A vida desta família é há praticamente 90 dias um desafio constante e, no meio do desespero, parece que nada ajuda. Durante a execução desta reportagem, um funcionário da câmara terá contactado a família Cerieiro, para transmitir a mensagem de que caso a publicação da peça fosse cancelada, o problema da falta de água seria resolvido de imediato. Caso a publicação da reportagem seguisse em frente, a câmara iria arranjar forma de detetar irregularidades na propriedade e de autuar Carmina e o marido.

Resolvemos, por isso, perguntar ao vice-presidente, que se disponibilizou para uma entrevista, se é conduta habitual da câmara municipal do Fundão chantagear ou ameaçar os munícipes, tal como terá feito com Carmina.

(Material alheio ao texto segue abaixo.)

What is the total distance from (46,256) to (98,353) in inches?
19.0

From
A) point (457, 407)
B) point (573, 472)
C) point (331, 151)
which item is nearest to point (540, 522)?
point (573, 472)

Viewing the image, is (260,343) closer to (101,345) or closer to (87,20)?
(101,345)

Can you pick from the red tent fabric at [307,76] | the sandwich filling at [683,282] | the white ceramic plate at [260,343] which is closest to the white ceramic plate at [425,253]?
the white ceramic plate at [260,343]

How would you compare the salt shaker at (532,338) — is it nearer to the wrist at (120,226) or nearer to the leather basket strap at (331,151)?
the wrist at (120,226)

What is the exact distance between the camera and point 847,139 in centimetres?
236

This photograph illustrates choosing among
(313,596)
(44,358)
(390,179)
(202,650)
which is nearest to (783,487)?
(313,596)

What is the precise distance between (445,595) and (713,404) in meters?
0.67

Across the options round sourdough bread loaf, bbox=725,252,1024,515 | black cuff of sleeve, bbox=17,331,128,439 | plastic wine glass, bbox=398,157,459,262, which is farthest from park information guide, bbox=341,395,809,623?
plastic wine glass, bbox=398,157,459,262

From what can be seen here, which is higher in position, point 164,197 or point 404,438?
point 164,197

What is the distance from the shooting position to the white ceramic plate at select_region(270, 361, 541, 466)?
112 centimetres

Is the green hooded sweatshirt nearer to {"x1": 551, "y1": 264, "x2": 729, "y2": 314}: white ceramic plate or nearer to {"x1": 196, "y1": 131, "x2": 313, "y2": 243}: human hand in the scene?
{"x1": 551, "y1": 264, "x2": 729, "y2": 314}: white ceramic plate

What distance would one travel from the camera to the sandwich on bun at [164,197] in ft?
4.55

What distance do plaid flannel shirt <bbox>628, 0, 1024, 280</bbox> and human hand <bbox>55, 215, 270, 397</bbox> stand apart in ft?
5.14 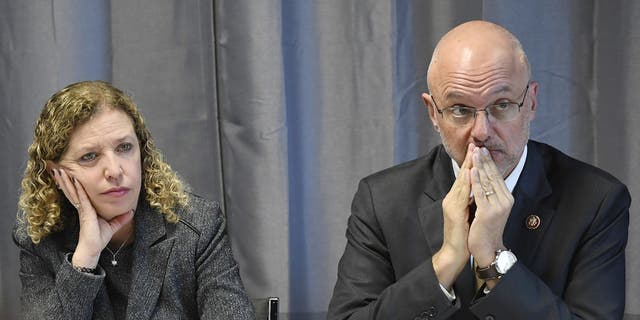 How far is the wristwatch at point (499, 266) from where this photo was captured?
6.05ft

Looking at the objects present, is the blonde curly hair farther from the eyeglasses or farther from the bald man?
the eyeglasses

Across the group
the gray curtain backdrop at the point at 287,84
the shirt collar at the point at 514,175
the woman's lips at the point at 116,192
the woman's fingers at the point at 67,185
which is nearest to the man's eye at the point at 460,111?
the shirt collar at the point at 514,175

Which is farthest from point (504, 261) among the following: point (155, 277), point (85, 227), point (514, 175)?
point (85, 227)

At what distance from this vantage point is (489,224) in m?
1.86

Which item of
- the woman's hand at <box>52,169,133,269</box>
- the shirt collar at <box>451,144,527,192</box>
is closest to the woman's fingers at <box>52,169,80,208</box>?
the woman's hand at <box>52,169,133,269</box>

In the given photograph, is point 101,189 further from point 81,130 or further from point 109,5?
point 109,5

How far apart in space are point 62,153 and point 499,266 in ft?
3.65

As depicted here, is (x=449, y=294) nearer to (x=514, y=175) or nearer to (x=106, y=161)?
(x=514, y=175)

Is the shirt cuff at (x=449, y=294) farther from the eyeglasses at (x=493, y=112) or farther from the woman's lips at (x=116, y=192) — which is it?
the woman's lips at (x=116, y=192)

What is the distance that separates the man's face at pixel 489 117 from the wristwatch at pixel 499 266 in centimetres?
Result: 19

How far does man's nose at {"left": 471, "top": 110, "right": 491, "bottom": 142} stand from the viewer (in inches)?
73.5

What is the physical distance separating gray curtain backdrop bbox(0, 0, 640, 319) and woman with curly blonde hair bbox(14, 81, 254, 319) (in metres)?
0.62

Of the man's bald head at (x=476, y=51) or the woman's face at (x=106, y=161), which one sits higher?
the man's bald head at (x=476, y=51)

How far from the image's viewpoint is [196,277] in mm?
2379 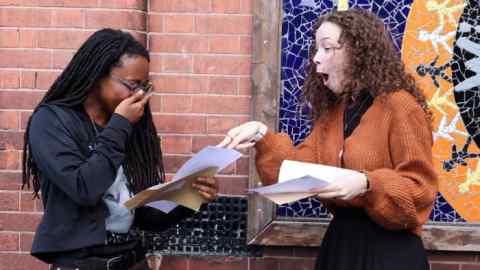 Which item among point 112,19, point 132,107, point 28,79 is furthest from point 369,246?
point 28,79

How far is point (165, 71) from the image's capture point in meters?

Essa é uma interpretação que não é nossa”, respondeu de imediato Luís Miguel Gavinhos, em entrevista à TVI/CNN Portugal.

Rita Garcia Pereira conclui, com assertividade, sobre o alegado comportamento da autarquia.

Esse comportamento, a provar-se, configura um crime de coação. A câmara não pode dirigir-se a um qualquer cidadão e dizer ‘se não fizeres queixa de mim’, eu não te aplico uma contraordenação e, portanto, não te condeno no pagamento de uma coima. Se fizeres, então vou verificar tudo’. Isto configura uma ameaça, injustificada, sobre um cidadão, que não é admissível.”

Na entrevista ao vice-presidente, a equipa da TVI/CNN Portugal voltou a questionar se algum funcionário da câmara terá coagido a família Cerieiro com a publicação desta reportagem.

Se teve (uma intervenção dessa natureza) nós declinamos que essa intervenção tenha acontecido nesses termos. (Demarcamo-nos), obviamente.”, garante Luís Miguel Gavinhos.

Polémicas e responsabilidades à parte, João Cerieiro não se cansa de apelar para que a autarquia resolva o problema da família. E, quem pede, realmente pode ser ouvido. No fim de contas, as notícias são as melhores, e chegam do vice-presidente, ainda na entrevista à TVI/CNN Portugal.

Obviamente que a situação é profundamente lamentável, porque estamos a falar de, no século XXI, essas condições mínimas não estarem garantidas na habitação e na residência desta família. E, por isso, nós disponibilizamo-nos imediatamente para tentar ajudar a estender a rede pública de abastecimento àquela zona, que não tem essas infraestruturas básicas”, conclui Luís Miguel Gavinhos.

Ainda não há data para a obra começar, mas o vice-presidente garante que será o mais brevemente possível. Carmina, o marido e a filha vão, finalmente, ter água da rede em casa, num final cada vez mais próximo da felicidade, aliás, da dignidade humana.